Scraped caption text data
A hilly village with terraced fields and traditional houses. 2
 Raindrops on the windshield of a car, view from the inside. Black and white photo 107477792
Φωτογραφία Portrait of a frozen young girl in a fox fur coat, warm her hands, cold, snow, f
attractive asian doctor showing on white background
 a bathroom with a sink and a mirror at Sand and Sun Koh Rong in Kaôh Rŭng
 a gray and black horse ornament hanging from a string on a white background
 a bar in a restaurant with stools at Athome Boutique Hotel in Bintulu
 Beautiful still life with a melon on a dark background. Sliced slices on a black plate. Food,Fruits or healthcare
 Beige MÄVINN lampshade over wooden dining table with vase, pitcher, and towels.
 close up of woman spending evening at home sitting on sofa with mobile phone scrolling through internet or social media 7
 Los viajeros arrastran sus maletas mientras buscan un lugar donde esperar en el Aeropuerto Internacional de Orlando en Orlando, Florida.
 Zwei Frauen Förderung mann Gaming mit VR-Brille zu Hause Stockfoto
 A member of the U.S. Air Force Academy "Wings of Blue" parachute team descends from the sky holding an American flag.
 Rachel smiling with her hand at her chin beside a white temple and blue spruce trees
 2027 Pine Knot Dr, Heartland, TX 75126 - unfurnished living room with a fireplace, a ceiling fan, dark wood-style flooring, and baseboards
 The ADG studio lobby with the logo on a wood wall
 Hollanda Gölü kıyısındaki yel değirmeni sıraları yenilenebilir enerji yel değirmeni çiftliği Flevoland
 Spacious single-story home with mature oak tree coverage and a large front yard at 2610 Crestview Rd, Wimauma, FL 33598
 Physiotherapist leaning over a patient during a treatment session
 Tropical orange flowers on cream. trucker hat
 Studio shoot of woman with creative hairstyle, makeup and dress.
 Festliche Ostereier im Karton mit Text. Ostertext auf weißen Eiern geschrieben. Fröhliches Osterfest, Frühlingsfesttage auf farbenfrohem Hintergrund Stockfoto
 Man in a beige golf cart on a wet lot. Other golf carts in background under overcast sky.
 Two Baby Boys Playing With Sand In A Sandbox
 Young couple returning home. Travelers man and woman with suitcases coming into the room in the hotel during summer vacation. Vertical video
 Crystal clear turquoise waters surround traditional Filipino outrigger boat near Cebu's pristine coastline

▶ **Brief**:
When a line of the entries above contains the word "traditional", include it in a tally, then give that tally alone.

▶ **Solution for this problem**:
2